• PROMPT: Skip the pictures. Output only the lines below starting at the line with "Bolso de Mano" and ending at the line with "Google Maps Listing for Sanctuary", both ends included, exactly as they are.

• RECORDS FOR PROCESSING:
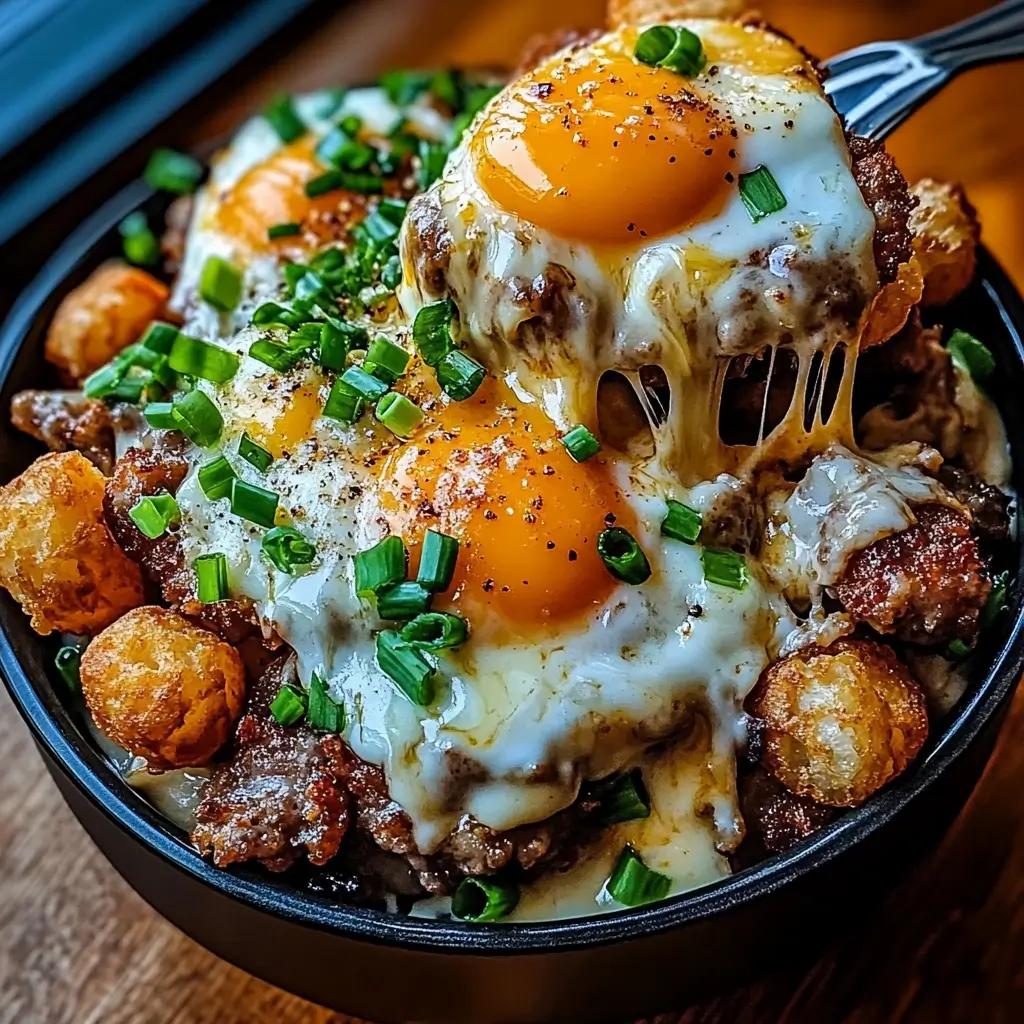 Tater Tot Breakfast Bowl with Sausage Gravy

---

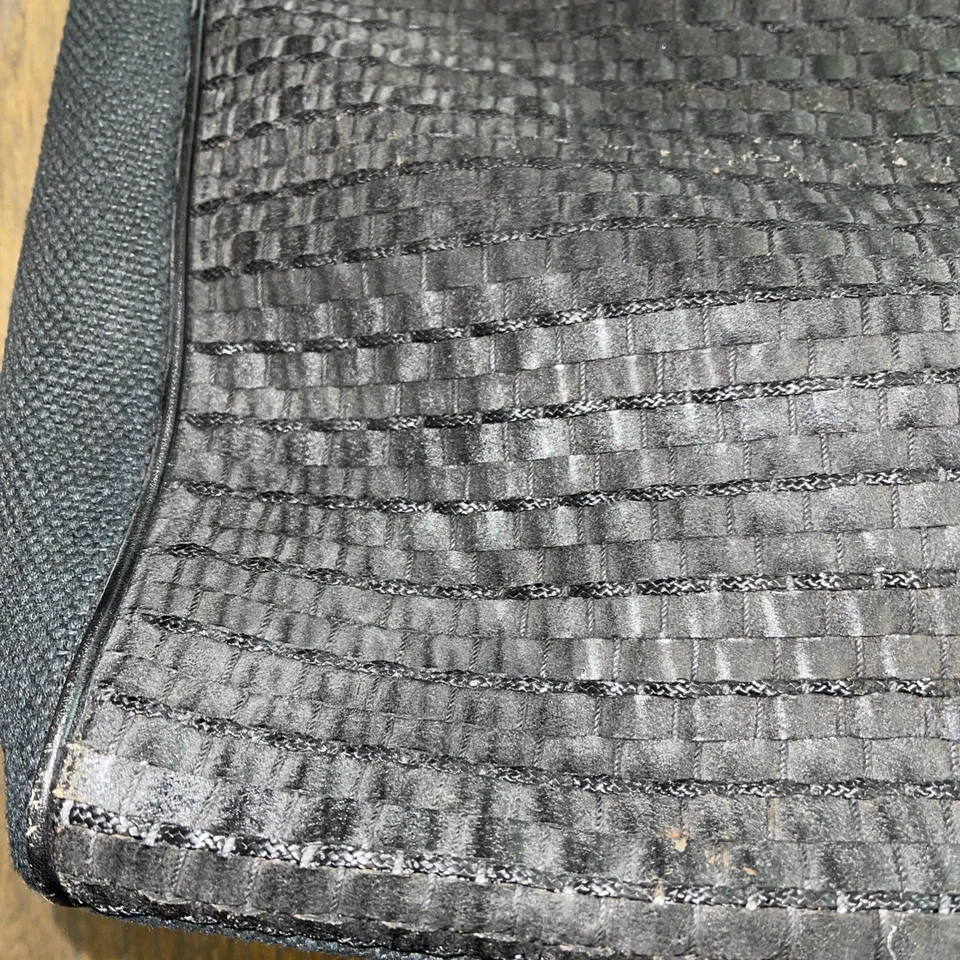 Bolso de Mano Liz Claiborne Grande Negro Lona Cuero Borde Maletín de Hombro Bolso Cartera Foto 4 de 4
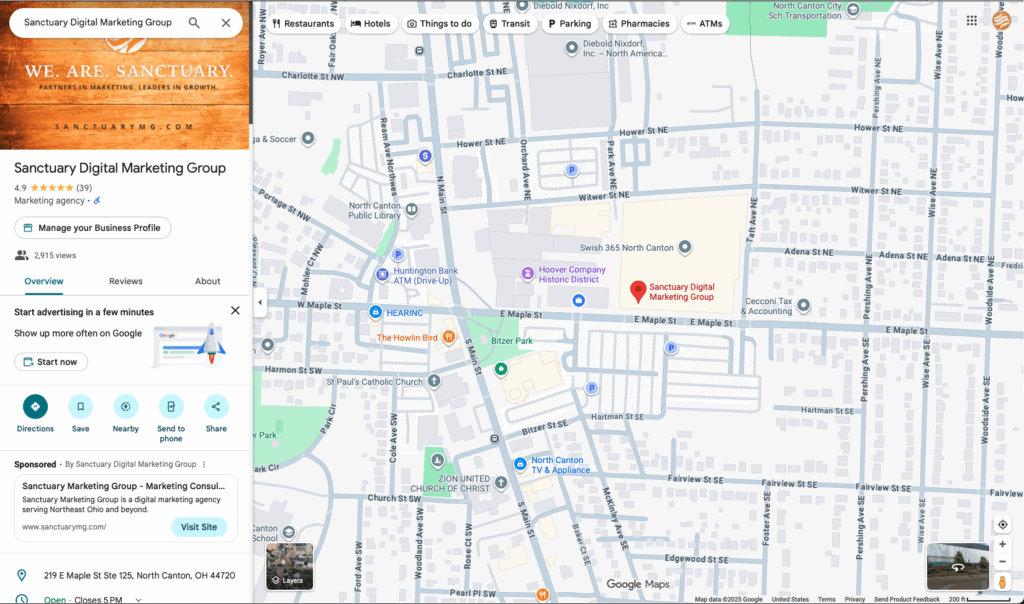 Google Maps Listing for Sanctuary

• EXERCISE OUTPUT:
 Bolso de Mano Liz Claiborne Grande Negro Lona Cuero Borde Maletín de Hombro Bolso Cartera Foto 4 de 4
 Google Maps Listing for Sanctuary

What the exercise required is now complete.